In re: Hertz Global Holdings — civil / securities — affirmance — Jordan
The Third Circuit today affirmed a district court’s ruling that plaintiffs had failed to plead a “strong inference of scienter” for their claim under the Private Securities Litigation Reform Act. The opinion lays out in devastating detail the allegations that Hertz overstated its profits, but ultimately concludes that likeliest inference from this evidence is that the Hertz-executive defendants were “just bad leaders,” not that they engaged in systemic fraud.
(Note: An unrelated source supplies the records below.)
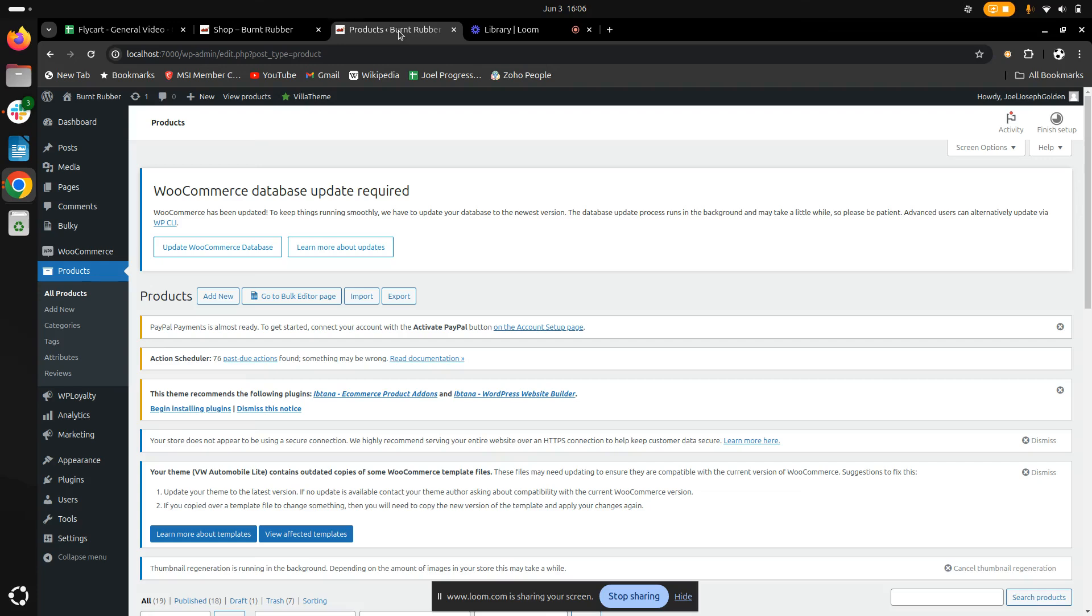Hi everyone, I'm Joel Joseph. Today I'll be explaining and demonstrating how to bulk edit product categories in WooCommerce. Before we dive in, make sure you subscribe to this channel to receive more similar WooCommerce tutorials.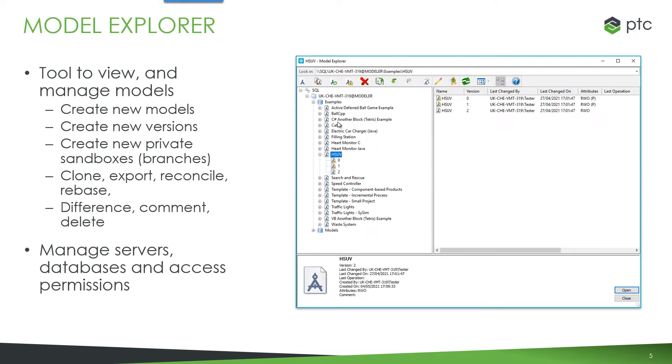One of the extra applications that's provided with Windchill Modeler is called the model explorer and this allows you to see databases and all of the existing models that you have access to. You can use it to create new models, create new versions of models, create sandboxes, perform other functions such as cloning, exporting, reconcile, differencing.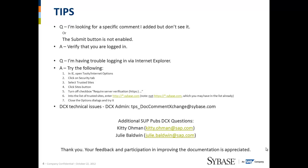I added a couple of tips here. If you are having any issues with DCX, it's likely one of these items. DCX is very reliable. I've also added the DCX admin email address if you would like to report any technical issues there. I've also added two email addresses for myself and for Julie Baldwin. My name is Kitty Oman. If you have any additional SUP PUBS DCX questions, we moderate the commenting that takes place on DCX. And thank you so much for participating in improving the documentation. It's definitely appreciated.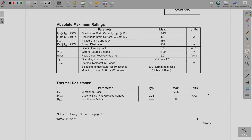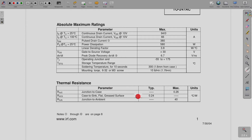Thermal resistances are also given: junction-to-case is 0.26°C/W — here it is given in Celsius per watt, whereas some datasheets use Kelvin per watt. Case-to-sink thermal resistance and the maximum junction-to-ambient thermal resistance are also provided by the manufacturer.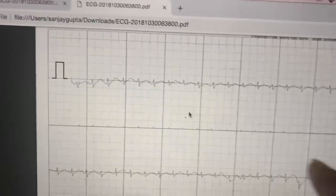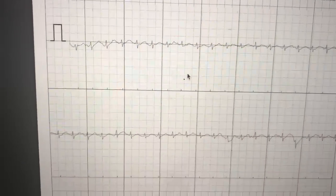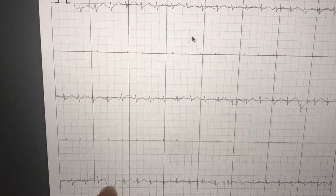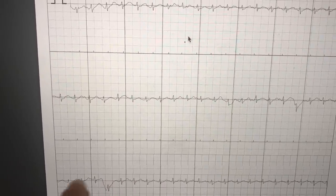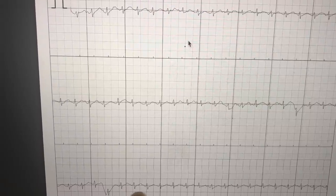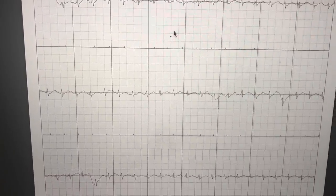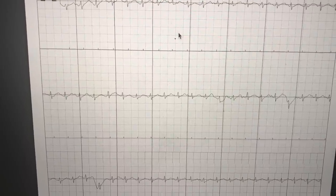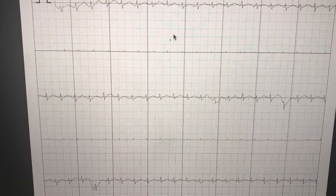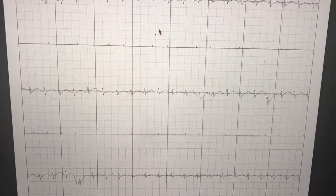A lot of people get worried about variations in the baseline — I would ignore all that, that's just artifact. The only thing you want to know is the distance between the two spikes. If the distance between the spikes is the same throughout, it is not atrial fibrillation. In atrial fibrillation, every single distance will be different. I hope this helps — take care, all the best.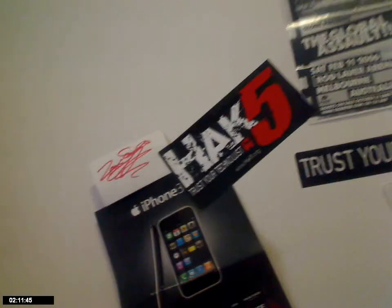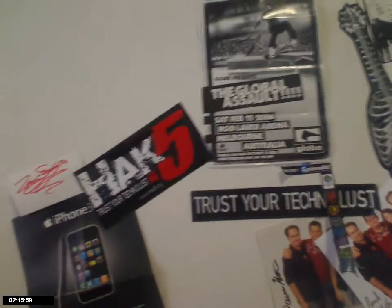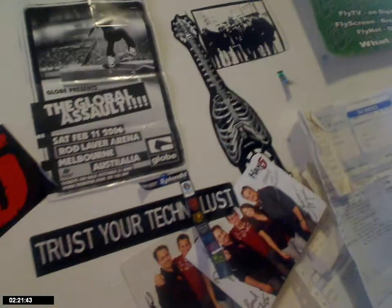Check out my stickers there, hack5.org, check that out. Great video podcast, highly recommend it. And check out the tech conclave website as well.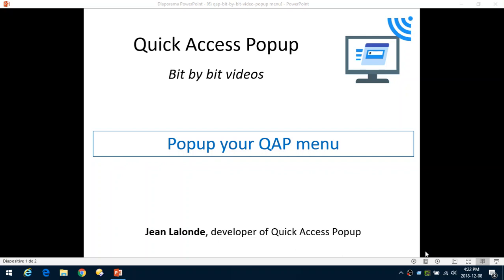Bonjour, I'm Jean Lalonde, the developer of Quick Access Popup. Welcome to this video where I will show you how you can pop up and show this menu to use it to make your work more efficient on your computer.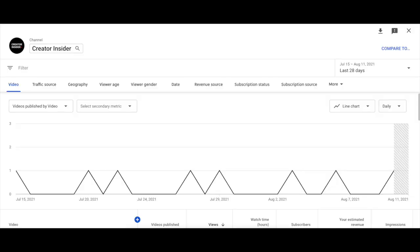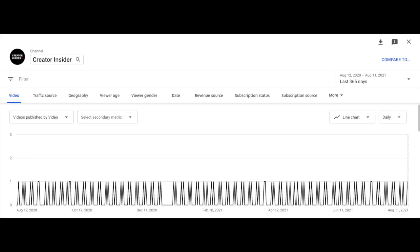Question number four: how frequently do you upload? A change in video uploads can directly impact watch time, as audiences can grow accustomed to consuming content regularly. If you change your upload schedule, it's normal to see a decline in watch time over time. To check this, go to your Watch Time deep dive and select videos published. There you can see how many videos you published in the past 30 days and the past year, and compare if something changed over that period.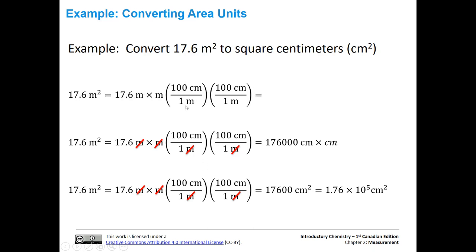So 100 centimeters is equal to one meter. We have meters on the bottom, so they'll cancel out. One meter is canceled out by one of them in the numerator, the other one is canceled out by the other. So then we're going to end up with centimeters times centimeters, which is centimeters squared. You can see that the meters cancel out all the way, and all we have are centimeters squared.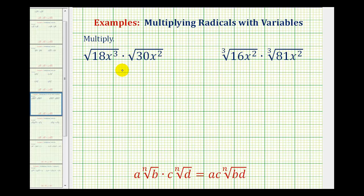Now we'll multiply radicals that contain variables. In general, to multiply radicals, the index must be the same. Then we multiply the coefficients, and then we multiply the numbers underneath the radicals, or the radicands. And the last step is to simplify this product.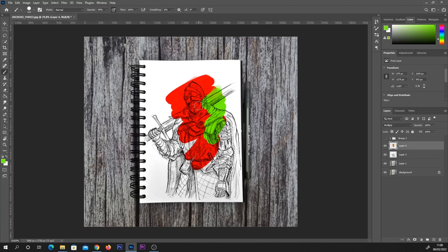But there is a downside to this, and that is that you have to work pretty much on one layer for your painting or your coloring.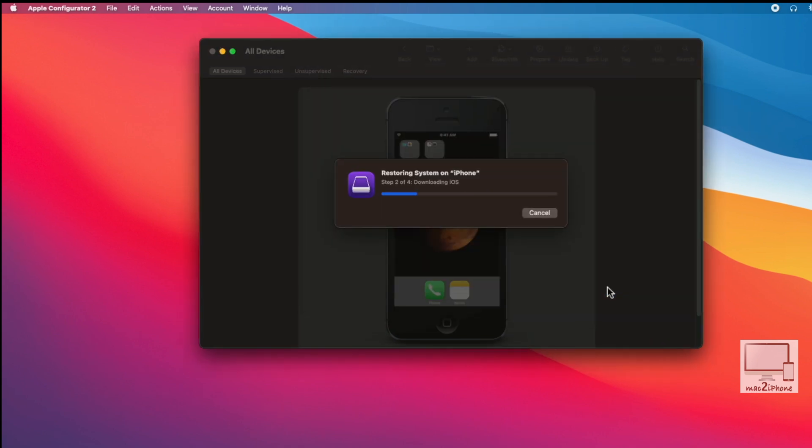Then, the restore file will download automatically. And restore.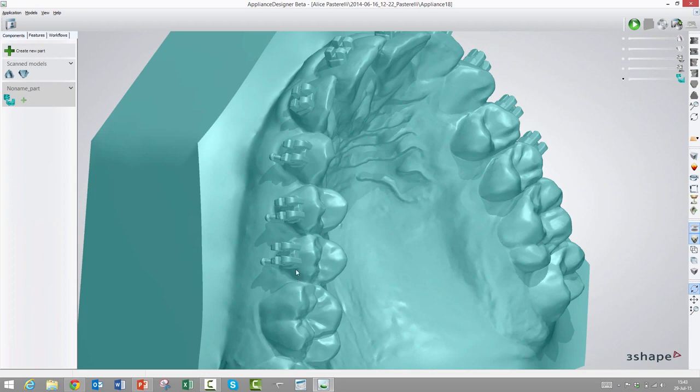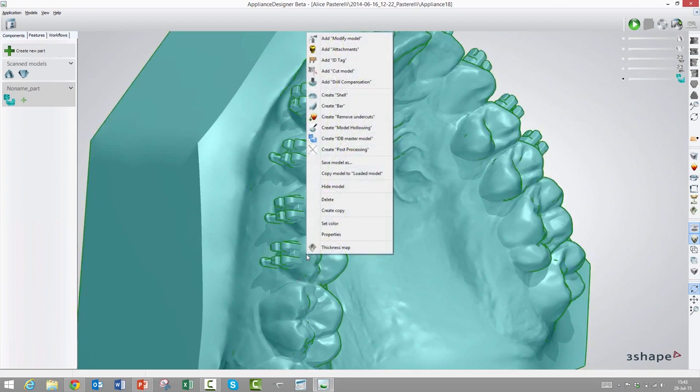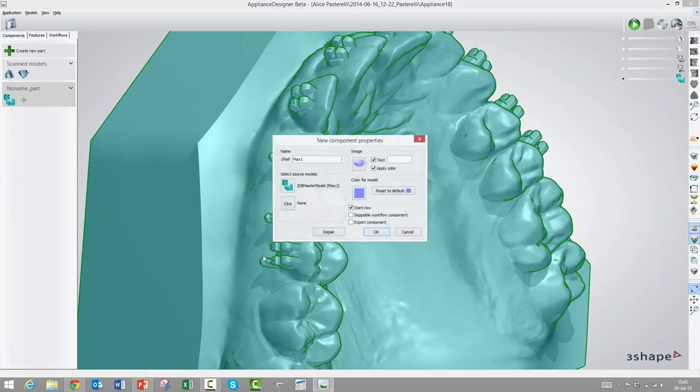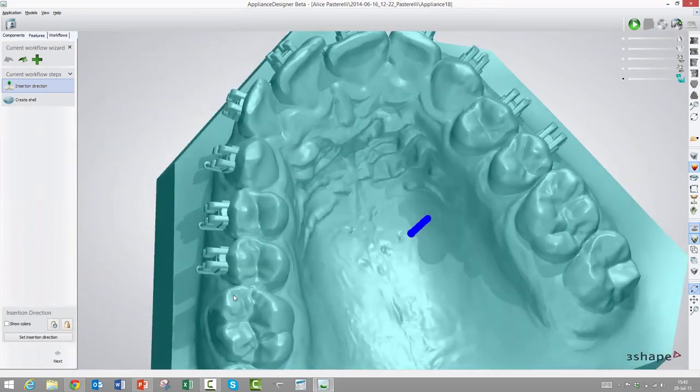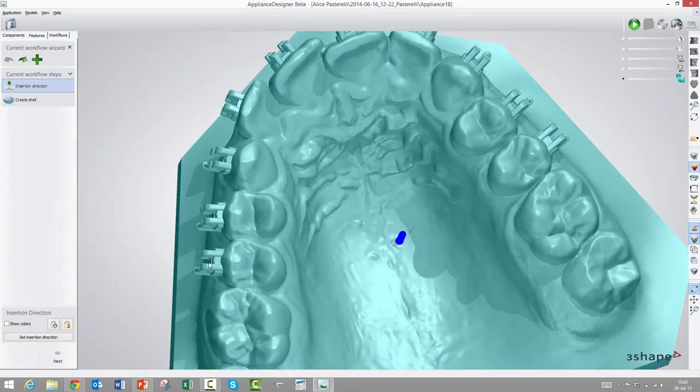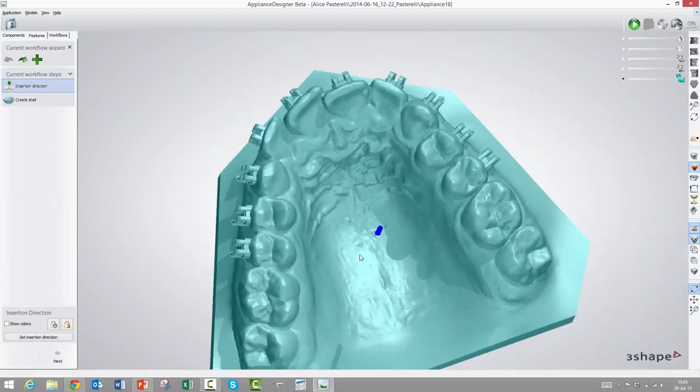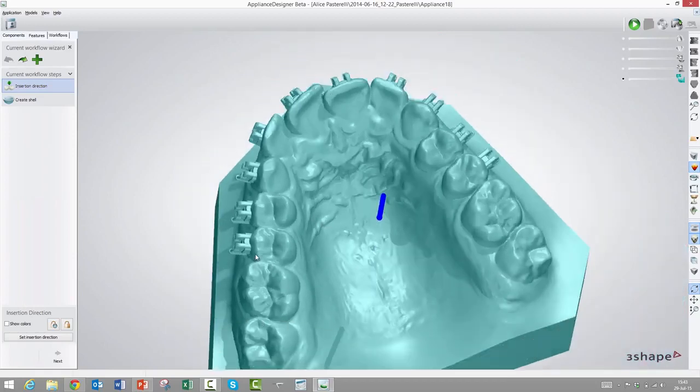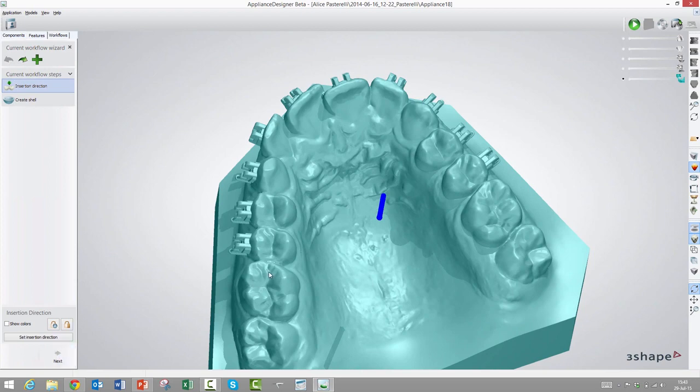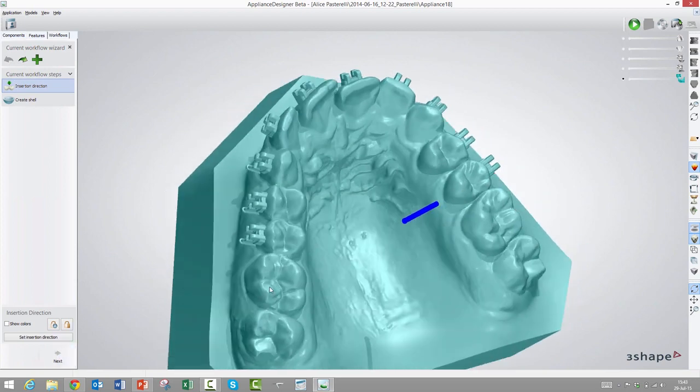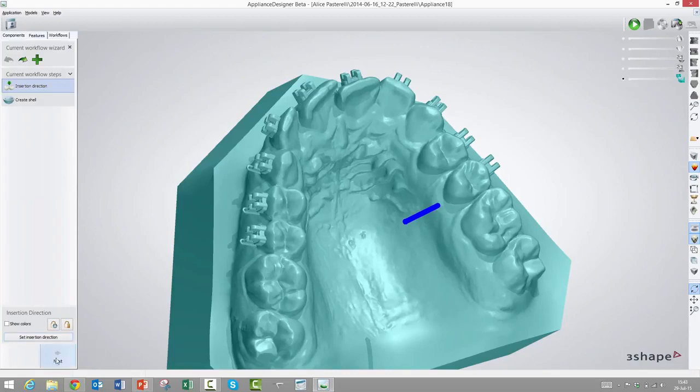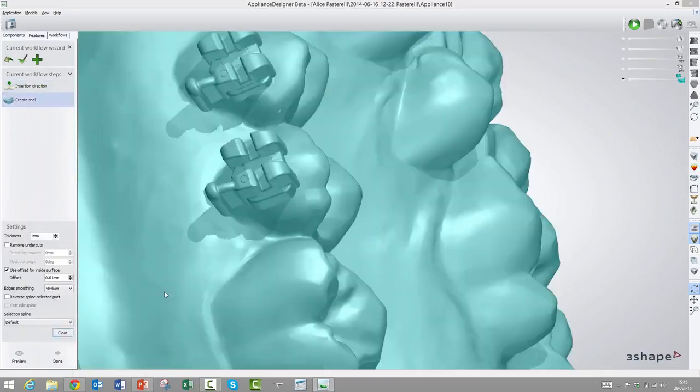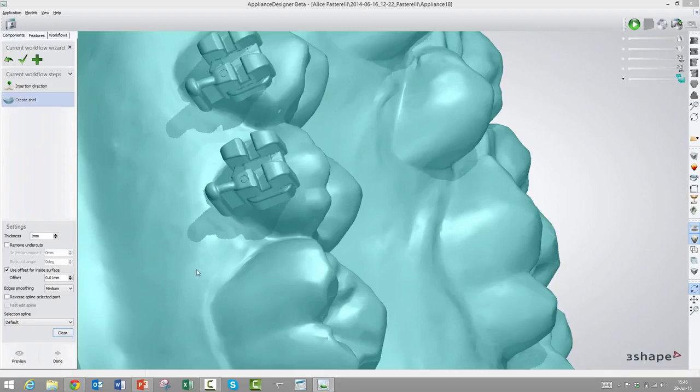Let's try to make this directly printed transfer tray. So we still need this, but this is only for a basis to design the transfer tray on top of. We will choose this, right-click, and then choose create shell. Now we will choose the insert direction, and that is not the insert direction for the individual brackets, that's the insert direction for the overall transfer tray. This looks fine, but we could adjust it if we wanted to set a different camera angle, press set insert direction, and then the insert direction will be adjusted to the camera view. But we will accept this one.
Joining Jordan were Ambro and Hardiman. Arguing counsel were Douglas Wilens of Florida for the plaintiffs, Adam Unikowsky of Jenner & Block for Hertz, and Gregory Markel of New York for one of the executives.
Walker v. Senior Deputy Coffey — civil rights — partial affirmance — Roth
The Third Circuit today held that a prosecutor and an agent were entitled to qualified immunity for using a facially invalid subpoena to get a woman’s work emails, because the woman didn’t have a clearly established right to privacy for the content of her work emails, at least where the employer had authority over the emails and consented to turn them over in response to the invalid subpoena. The opinion notes the Court’s “dismay” at the prosecutor’s and agent’s action here: their subpoena left the date, time, place of production, and party blank. (Assistant General Counsel at Penn State Katherine Allen, identified in the opinion, complied with it anyway.)
My two cents: I have no view on whether applying qualified immunity here is a correct application of controlling law, but I believe the outcome here illustrates the awfulness of qualified immunity. Law enforcement officials get to serve cartoon subpoenas with impunity if the law isn’t also clear enough yet that what they get with the cartoon subpoenas was constitutionally protected? If it’s clear they used wrongful means to get something, that would be all qualified immunity requires in my world.
The court remanded to allow the plaintiff to amend her Stored Communications Act claim.
Joining Roth were Jordan and Stearns D. Mass by designation. Arguing counsel were Geoffrey Johnson of Jenkintown for the woman and John Knorr III for the state.